We had been holding our breath for weeks, accepting the logistical tension in the Strait of Hormuz as the new normal. However, the war has crossed an irreversible red line. We have gone from a trade blockade to the physical destruction of the world’s energy engine, and the consequences are already being felt in the global economy.
The impact was so immediate that the price of natural gas in Europe skyrocketed by 35%. Global interdependence has caused the first major domino to fall to be thousands of kilometers from the epicenter: Turkey has become the first country to suffer a gas supply cut, marking the beginning of a chain reaction.
The blow to the energetic heart. It is not just any objective. As explained Deutsche Welle, South Pars is the largest natural gas reserve in the world – shared with Qatar, which calls its part North Dome – and contains enough gas to supply the world’s needs for 13 years. It is the basis of Iran’s energy survival.
The response from Tehran was withering and expansive. As detailed in the Wall Street JournalIran did not limit itself to responding to Israel, but attacked vital infrastructure in neighboring countries, launching missiles against the gigantic Ras Laffan industrial complex in Qatar (the largest liquefied natural gas facility in the world) and refineries in Saudi Arabia. In the midst of this war chaos, Iran turned off the tap: Tehran suddenly paralyzed its natural gas exports to Türkiye.
Türkiye in the eye of the hurricane. The cutoff to Türkiye is not an anecdote, it is the symptom of a systemic crisis. According to the data provided by BloombergLast year, Ankara imported around 13% or 14% of its total gas needs (about 7 billion cubic meters) from Iran.
To the gallery, the Turkish government tries to project calm. How to collect ReutersTurkish Energy Minister Alparslan Bayraktar has categorically assured that “there are no supply problems” and that the country’s storage facilities are at 71% of their capacity. Furthermore, the minister insists that oil dependence of the Middle East is a “manageable 10%” and they are already accelerating diversification agreements with giants such as TotalEnergies, Exxon and Shell.

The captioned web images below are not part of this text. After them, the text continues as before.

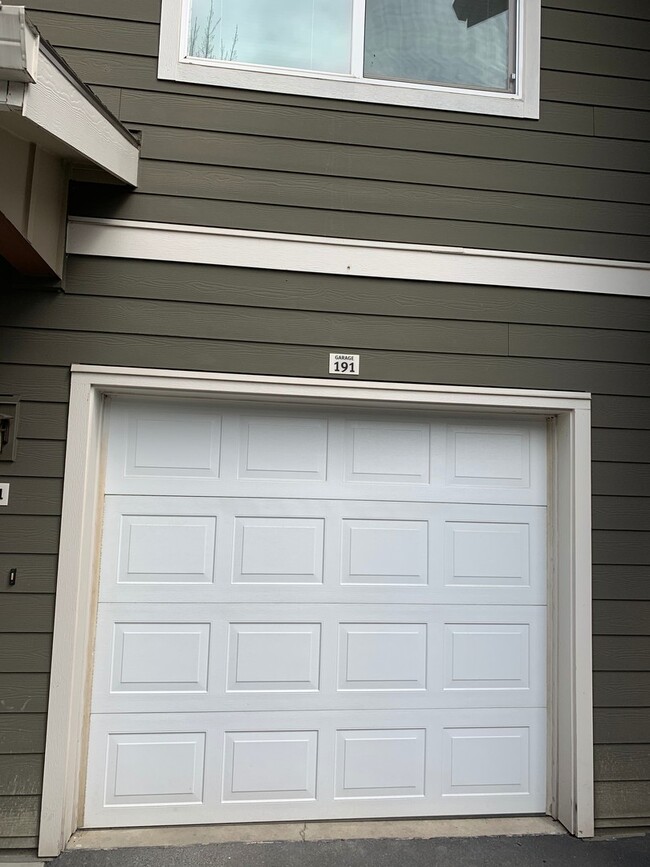 Photo - 10800 SE 17th Cir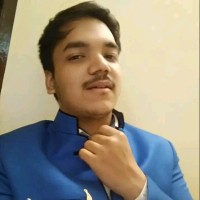 Atharva Wagh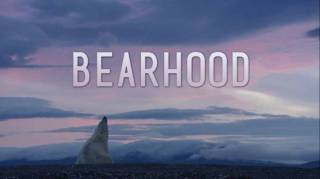 Медвежья школа / Bearhood (2014)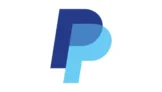 PayPal – $200 Off Select Items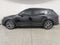 2023 Audi SQ7 Premium Plus 4.0 TFSI quattro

The markets are not optimistic. The experts consulted by Middle East eye They point out that Turkey has alternatives – such as increasing the flow from Russia or Azerbaijan – but the closing of the Iranian tap will force Ankara to compete fiercely in the international market for emergency shipments of Liquefied Natural Gas (LNG).
Panic reaches Europe. And this is where the domino effect hits us directly. As Türkiye goes on a desperate hunt for LNG ships, the pressure on prices becomes unsustainable for the Old Continent. The day after the start of the conflict, the price of gas rose 55%. However, in the midst of this European chaos, one country is resisting the challenge much better than its neighbors: Spain.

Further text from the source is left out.